Pimco cut government debt in September as Bill Gross quit


Oct 9 (Reuters) - The Pimco Total Return Fund, the world's largest bond fund whose long-time manager Bill Gross stunningly departed on Sept. 26, ended September with a slight reduction in U.S. government-related holdings and an increase in emerging markets investments.

The Pimco Total Return Fund had exposure of 38 percent in U.S. government-related securities in September, down from 41 percent in August, according to the Newport Beach, Calif.-based firm's website late Thursday.

The U.S. government category may include nominal and inflation-protected Treasuries, Treasury futures and options, agencies, FDIC-guaranteed and government-guaranteed corporate securities, and interest rate swaps.

The fund's exposure in Emerging Markets increased to 10 percent of its assets in September, up from 9 percent in August, according to Pimco's website, which featured the fund's new management team - Scott Mather, Mark Kiesel and Mihir Worah.

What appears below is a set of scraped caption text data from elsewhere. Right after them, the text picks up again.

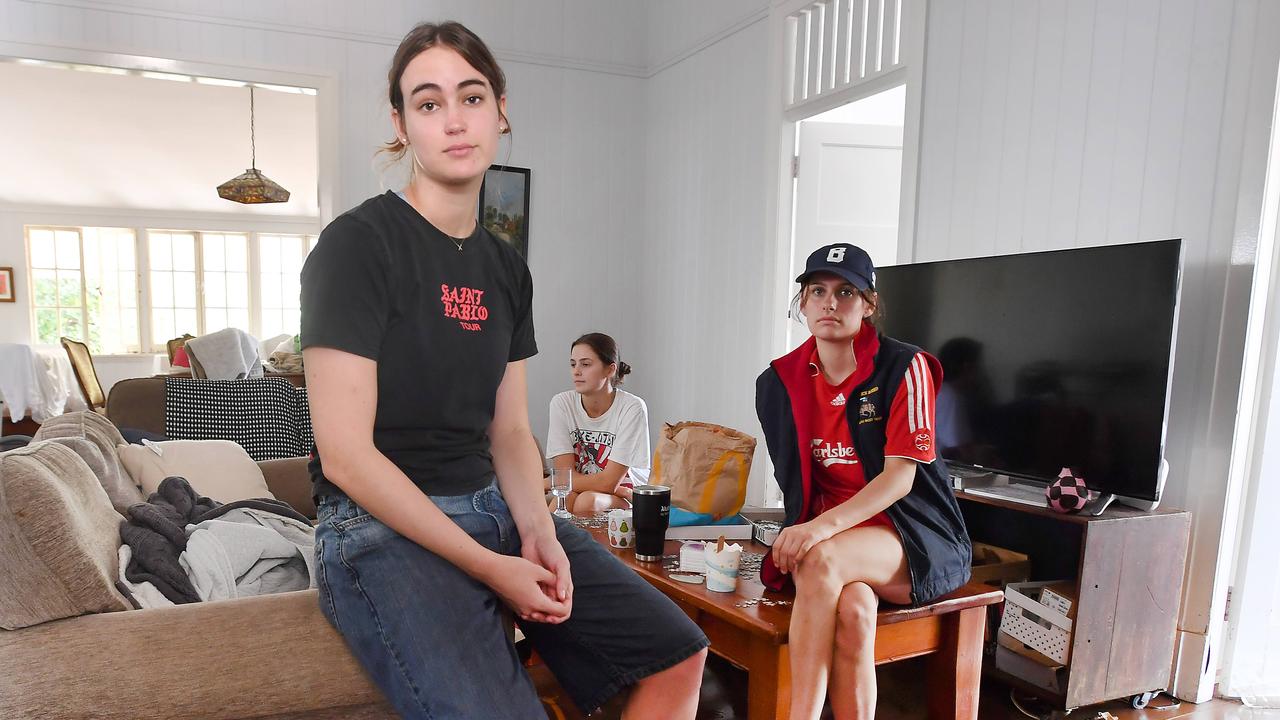 Annabelle Madden, Greta Gutteridge and Aoife O'Sullivan in their home that was flooded last night. Picture, John Gass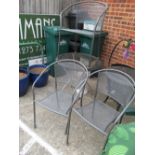 A glass topped and wicker effect circular garden table and three chairs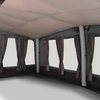 Interieur met stoffen plafond, meerdere rechthoekige ramen met vastgeknoopte gordijnen, verticale steunpilaren en donkere vloer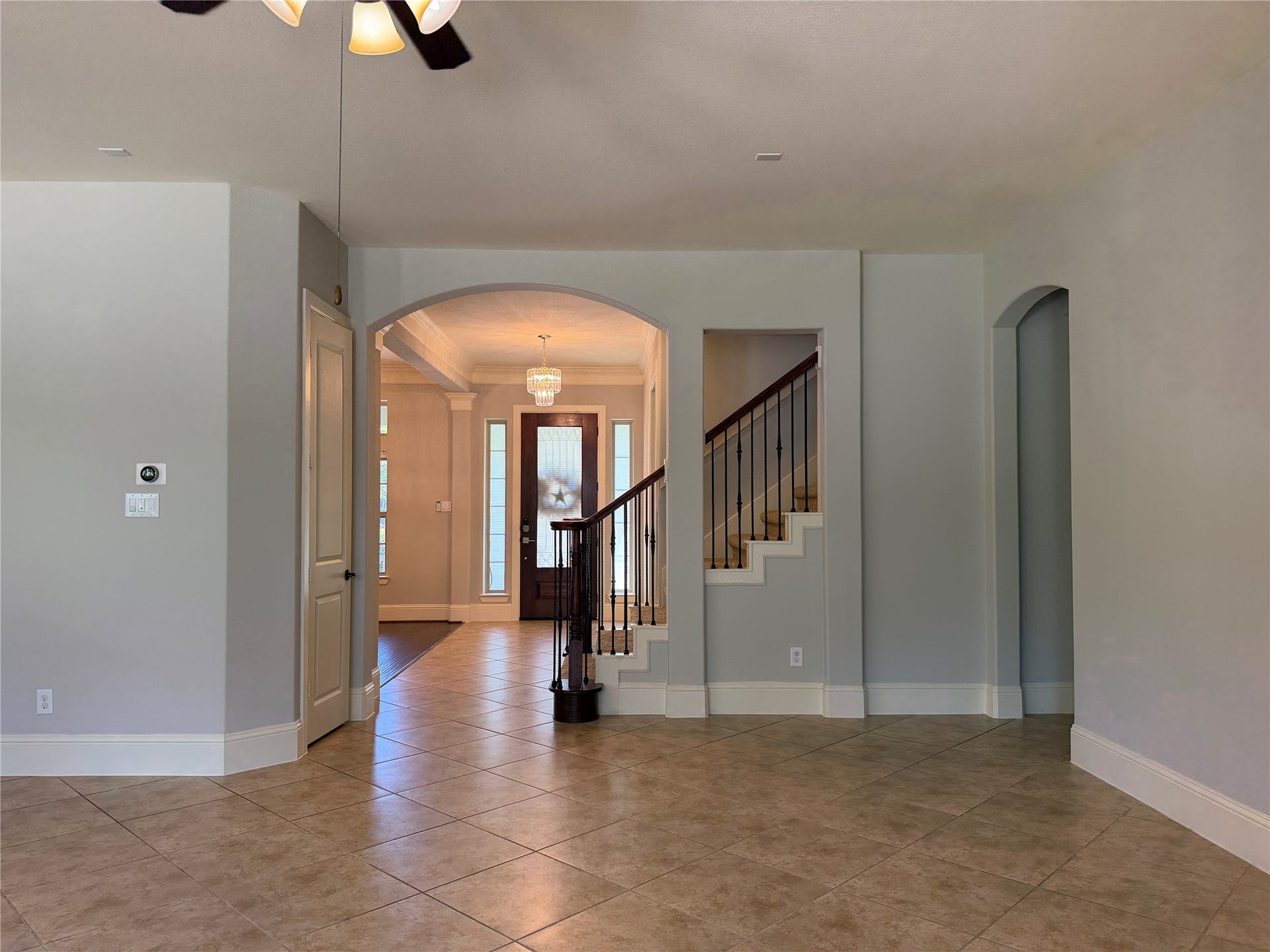 5119 Water Oak Crescent, Fulshear, TX 77441 Expansive open-concept living! This bright, airy space boasts low-maintenance tile flooring, a spacious breakfast bar overlooking the kitchen, and seamless sightlines to the grand entryway, staircase, and formal living areas.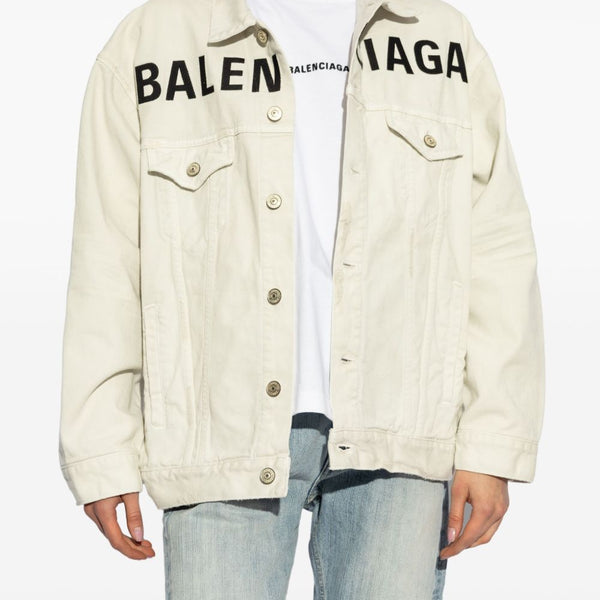 Close-up of Balenciaga outerwear hardware and fine stitching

The Pimco Total Return Fund, with $201.6 billion in assets, left its exposure in mortgages and U.S. credit unchanged at 20 percent and 13 percent in September from the previous month.

Since Gross's departure, Pimco has seen heavy outflows, with $23.5 billion leaving the flagship Total Return Fund in September alone.

Gross, one of the bond market's most renowned investors, quit Pacific Investment Management Co for distant rival Janus on Sept. 26. According to two sources familiar with the matter, he was expected to be fired the next day from the firm he helped launch more than four decades ago and built into a $2 trillion investment powerhouse.

The Pimco Total Return Fund also held 53 percent of the portfolio in cash equivalents, which include securities with a duration of less than one year, uninvested cash, interest receivables, net unsettled trades and broker money.

But that was being counterbalanced by a negative 51 percent exposure in derivatives, which include offsets associated with investments in futures, swaps and other derivatives. Such offsets may be taken at the notional value of the derivative position, which in certain instances may exceed the actual amount owed on such position, Pimco added.